Officer Fausto Lopez showed "a willful and wanton disregard for his safety and the safety of persons and property of Miami-Dade and Broward counties" in the Oct. 11, 2011 incident, according to the eight-page report obtained by the Sun-Sentinel.

Lopez had been pulled over and taken into custody at gunpoint by FHP trooper D.J. Watts as he was driving south on the Turnpike near Hollywood Boulevard.

An FHP video captured Watts' pursuit of Lopez's marked Miami Police cruiser and the dramatic showdown once Lopez finally pulled over.

Lopez, who was charged with reckless driving and later released, pleaded no contest and was ordered to complete 100 hours of community service and $3,300 for the cost of prosecution. He was also suspended for a month from the Miami Police Department.

An investigation by the Sun-Sentinel later revealed SunPass records which showed Lopez had been clocked at speeds above 100 mph 114 times in the year before the FHP stop.

Lopez's attorney in his criminal case didn't return calls to the Sun-Sentinel for comment.

Lopez has 10 days to file an appeal to the recommendations, and indicated on the report that he disagreed with the findings and suggested penalty. Chief Manuel Orosa would make the final decision on whether to fire Lopez, who has been with the department for six years.

Internal Affairs investigators also recommended 37 other officers be disciplined for off-duty speeding, Miami Police Maj.
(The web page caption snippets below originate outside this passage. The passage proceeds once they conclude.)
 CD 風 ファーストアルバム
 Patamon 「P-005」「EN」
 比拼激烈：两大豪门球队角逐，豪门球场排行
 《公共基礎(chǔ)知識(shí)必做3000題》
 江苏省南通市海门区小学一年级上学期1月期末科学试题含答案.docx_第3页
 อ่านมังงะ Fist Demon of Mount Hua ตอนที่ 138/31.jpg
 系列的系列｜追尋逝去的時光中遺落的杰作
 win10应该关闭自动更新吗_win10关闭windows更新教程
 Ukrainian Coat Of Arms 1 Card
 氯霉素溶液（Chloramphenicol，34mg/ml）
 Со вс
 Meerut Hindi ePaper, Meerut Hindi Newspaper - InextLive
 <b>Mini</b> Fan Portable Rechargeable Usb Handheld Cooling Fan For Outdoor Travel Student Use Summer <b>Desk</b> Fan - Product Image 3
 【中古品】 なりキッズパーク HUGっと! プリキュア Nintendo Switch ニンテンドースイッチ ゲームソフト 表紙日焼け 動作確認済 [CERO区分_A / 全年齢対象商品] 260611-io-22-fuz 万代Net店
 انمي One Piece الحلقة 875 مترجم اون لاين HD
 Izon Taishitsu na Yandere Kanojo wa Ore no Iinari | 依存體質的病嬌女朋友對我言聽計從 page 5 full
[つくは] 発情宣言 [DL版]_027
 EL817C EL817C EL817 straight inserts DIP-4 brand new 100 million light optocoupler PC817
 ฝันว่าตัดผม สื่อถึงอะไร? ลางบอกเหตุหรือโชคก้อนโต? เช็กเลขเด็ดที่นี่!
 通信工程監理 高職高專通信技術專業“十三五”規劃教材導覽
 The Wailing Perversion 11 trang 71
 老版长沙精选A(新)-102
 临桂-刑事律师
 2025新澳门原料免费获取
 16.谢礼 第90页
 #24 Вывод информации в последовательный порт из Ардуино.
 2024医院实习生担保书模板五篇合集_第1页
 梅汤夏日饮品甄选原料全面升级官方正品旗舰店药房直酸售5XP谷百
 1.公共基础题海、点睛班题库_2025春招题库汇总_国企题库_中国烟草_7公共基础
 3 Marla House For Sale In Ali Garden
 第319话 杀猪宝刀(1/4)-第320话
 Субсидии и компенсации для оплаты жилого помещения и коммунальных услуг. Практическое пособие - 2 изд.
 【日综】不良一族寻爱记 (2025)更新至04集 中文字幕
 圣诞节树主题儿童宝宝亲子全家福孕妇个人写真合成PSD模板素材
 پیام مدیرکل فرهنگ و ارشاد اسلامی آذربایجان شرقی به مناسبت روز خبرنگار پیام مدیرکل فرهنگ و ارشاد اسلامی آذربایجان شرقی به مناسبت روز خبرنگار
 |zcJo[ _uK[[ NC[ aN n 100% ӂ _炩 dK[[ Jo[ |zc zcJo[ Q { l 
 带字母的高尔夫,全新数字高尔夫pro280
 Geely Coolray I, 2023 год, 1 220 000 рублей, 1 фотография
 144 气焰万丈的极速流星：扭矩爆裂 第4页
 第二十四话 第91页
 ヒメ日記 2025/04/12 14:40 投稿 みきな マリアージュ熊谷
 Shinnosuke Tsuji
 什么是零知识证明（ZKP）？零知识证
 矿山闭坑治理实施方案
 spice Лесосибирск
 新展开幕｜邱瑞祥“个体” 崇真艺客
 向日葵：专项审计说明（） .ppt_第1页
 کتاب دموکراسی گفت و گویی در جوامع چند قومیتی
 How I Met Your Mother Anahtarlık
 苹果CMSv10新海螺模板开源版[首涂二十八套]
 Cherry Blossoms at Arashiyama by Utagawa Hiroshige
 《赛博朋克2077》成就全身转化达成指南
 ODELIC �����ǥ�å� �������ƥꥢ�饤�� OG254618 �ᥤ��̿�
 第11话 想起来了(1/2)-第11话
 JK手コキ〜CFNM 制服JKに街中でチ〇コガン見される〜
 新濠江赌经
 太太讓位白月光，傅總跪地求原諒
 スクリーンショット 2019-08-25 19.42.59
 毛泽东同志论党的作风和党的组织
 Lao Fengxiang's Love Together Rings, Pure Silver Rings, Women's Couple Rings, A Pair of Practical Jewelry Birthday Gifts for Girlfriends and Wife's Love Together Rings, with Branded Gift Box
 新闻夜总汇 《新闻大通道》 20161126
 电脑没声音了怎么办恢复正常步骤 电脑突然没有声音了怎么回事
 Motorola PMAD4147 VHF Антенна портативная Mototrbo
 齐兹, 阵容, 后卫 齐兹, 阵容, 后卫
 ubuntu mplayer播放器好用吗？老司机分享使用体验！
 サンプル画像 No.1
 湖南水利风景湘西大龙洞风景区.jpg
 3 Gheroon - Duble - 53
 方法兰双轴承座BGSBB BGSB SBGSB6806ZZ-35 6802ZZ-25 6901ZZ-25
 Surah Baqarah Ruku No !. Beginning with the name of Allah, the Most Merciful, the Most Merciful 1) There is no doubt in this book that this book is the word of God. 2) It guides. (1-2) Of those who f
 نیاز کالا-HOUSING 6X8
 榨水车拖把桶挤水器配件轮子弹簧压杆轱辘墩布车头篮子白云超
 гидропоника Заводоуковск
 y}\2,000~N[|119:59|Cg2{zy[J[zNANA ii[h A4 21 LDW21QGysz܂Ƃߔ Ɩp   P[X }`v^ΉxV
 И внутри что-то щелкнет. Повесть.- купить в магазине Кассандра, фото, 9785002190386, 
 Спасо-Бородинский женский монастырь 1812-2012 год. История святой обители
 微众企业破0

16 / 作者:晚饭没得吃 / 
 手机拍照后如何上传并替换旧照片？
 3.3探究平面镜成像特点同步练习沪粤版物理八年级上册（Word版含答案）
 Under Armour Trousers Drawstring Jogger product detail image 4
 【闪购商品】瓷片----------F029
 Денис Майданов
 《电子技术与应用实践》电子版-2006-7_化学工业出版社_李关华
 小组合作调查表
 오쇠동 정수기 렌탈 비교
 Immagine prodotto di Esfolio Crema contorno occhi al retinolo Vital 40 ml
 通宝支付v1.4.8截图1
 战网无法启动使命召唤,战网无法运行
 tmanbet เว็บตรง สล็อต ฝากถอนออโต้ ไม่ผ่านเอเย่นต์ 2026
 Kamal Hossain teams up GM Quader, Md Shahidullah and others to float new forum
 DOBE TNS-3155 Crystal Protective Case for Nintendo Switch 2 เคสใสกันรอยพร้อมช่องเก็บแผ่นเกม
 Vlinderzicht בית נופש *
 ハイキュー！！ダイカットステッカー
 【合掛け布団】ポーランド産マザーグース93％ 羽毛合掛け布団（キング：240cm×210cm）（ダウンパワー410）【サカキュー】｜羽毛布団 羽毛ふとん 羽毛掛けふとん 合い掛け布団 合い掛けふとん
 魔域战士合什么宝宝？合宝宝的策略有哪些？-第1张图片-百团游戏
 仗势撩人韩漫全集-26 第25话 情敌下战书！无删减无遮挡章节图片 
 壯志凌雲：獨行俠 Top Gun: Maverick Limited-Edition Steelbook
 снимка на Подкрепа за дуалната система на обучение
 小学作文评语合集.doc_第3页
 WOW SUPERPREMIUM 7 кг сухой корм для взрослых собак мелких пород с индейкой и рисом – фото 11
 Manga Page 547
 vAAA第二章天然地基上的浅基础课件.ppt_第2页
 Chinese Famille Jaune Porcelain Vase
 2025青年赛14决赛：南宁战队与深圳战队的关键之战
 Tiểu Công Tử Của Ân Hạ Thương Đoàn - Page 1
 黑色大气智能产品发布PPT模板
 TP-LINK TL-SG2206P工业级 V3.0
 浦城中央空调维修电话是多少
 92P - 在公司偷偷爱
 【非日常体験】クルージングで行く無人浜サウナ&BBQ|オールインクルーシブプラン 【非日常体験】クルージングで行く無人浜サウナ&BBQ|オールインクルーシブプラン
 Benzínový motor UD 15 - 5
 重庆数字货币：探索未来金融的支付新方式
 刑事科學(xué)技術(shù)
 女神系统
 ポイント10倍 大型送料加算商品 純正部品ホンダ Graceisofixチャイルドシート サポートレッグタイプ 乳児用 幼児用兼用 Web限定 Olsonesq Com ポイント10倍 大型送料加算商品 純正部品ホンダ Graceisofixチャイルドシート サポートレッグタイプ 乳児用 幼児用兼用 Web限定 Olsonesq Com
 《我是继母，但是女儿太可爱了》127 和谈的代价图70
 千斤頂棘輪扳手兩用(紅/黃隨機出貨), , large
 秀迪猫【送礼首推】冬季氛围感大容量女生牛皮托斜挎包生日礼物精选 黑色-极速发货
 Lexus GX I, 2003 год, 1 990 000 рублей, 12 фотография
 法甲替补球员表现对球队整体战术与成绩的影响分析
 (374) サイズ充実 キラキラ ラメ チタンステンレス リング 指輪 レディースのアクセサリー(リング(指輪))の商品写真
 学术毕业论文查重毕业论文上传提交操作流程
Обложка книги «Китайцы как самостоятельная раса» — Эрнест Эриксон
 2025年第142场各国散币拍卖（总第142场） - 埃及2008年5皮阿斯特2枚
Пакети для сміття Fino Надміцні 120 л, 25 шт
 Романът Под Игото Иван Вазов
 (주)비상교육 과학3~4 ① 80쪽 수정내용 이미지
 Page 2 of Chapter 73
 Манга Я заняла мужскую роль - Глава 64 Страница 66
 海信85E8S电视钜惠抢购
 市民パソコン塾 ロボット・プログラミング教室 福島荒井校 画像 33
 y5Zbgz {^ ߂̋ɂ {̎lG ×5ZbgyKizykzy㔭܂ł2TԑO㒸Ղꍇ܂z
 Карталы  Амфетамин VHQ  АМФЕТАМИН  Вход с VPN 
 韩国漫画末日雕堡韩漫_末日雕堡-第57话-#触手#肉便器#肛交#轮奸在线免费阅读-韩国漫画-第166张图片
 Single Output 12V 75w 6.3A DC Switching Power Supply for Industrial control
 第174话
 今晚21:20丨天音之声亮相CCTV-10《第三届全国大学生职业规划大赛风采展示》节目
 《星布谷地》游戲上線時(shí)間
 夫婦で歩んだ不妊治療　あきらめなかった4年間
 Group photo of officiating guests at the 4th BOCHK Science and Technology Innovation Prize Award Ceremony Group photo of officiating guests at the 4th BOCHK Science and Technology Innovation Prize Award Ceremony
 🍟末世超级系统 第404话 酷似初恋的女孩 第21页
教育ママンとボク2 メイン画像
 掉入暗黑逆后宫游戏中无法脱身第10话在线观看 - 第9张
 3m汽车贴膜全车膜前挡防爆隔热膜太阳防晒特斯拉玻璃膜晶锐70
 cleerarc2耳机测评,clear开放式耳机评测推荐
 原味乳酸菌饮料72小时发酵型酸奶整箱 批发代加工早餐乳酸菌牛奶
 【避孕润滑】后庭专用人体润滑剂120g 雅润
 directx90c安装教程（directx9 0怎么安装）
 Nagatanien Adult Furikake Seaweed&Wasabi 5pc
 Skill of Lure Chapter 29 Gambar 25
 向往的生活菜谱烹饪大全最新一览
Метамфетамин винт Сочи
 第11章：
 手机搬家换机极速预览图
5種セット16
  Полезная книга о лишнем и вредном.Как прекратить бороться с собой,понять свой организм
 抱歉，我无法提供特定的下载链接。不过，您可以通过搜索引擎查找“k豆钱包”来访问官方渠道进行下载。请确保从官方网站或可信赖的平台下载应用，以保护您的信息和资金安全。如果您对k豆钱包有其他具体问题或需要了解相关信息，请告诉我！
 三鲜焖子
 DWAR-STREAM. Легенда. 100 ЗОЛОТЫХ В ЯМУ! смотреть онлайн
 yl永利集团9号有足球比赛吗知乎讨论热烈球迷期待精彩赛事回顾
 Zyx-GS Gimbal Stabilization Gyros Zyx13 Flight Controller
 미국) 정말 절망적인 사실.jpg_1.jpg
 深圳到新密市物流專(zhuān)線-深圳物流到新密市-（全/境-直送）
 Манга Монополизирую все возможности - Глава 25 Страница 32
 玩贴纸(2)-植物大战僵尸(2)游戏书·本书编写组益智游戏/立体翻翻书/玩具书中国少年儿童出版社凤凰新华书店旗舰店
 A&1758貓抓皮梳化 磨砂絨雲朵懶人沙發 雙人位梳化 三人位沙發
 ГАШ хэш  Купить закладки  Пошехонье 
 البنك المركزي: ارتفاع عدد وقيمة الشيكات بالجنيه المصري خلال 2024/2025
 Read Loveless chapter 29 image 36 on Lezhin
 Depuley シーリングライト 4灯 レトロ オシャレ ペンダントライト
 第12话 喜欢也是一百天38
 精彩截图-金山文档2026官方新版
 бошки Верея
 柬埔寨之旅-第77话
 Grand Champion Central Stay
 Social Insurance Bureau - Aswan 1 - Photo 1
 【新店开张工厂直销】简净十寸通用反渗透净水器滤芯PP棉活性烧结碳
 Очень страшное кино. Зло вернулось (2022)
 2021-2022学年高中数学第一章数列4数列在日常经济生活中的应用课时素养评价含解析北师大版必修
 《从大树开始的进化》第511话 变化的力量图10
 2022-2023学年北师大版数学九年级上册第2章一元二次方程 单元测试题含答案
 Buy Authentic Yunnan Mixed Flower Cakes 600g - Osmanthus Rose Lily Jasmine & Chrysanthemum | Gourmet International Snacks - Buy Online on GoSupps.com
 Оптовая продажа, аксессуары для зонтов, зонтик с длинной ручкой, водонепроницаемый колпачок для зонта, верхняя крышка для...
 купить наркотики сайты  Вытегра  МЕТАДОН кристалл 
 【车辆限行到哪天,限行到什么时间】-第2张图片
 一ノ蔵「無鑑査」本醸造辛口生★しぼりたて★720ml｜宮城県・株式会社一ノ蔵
Delrish Moss told the Sun-Sentinel. They could face written reprimands and or suspensions.

Many of the officers want to appeal those recommendations, Miami Fraternal Order of Police president Armando Aguilar said.

"The City of Miami is being harsher in disciplining than other departments have," Aguilar told the Sun-Sentinel. "Most other departments have been retraining officers, counseling them...I would assume most [of the Miami police officers] are going to appeal their discipline."

Miami FOP vice president Sgt. Javier Ortiz questioned the SunPass records in a statement released Tuesday.

"SunPass is effective in order to collect money to maintain our roadways. SunPass transponders are not recognized by the State of Florida as a speed measurement device. Rightfully so. Unlike SunPass, laser and radar equipment utilized by police are checked everyday that it is used, the speed is visually estimated by a Police Officer in order to compare it to the speed measurement device, and the violation is also observed by a human being," he said. "In Officer Fausto's case, there is no video, no photos, no eyewitness accounts, no calibration or certifiable documents."

He added that they are not condoning speeding, but said officers should be tracked with the same speed measurement devices that are used on everyday citizens.

"The termination of Fausto Lopez is clearly a media stunt to appease those that are unaware of how speed enforcement is properly done," Ortiz said. "We look forward in Officer Lopez's return."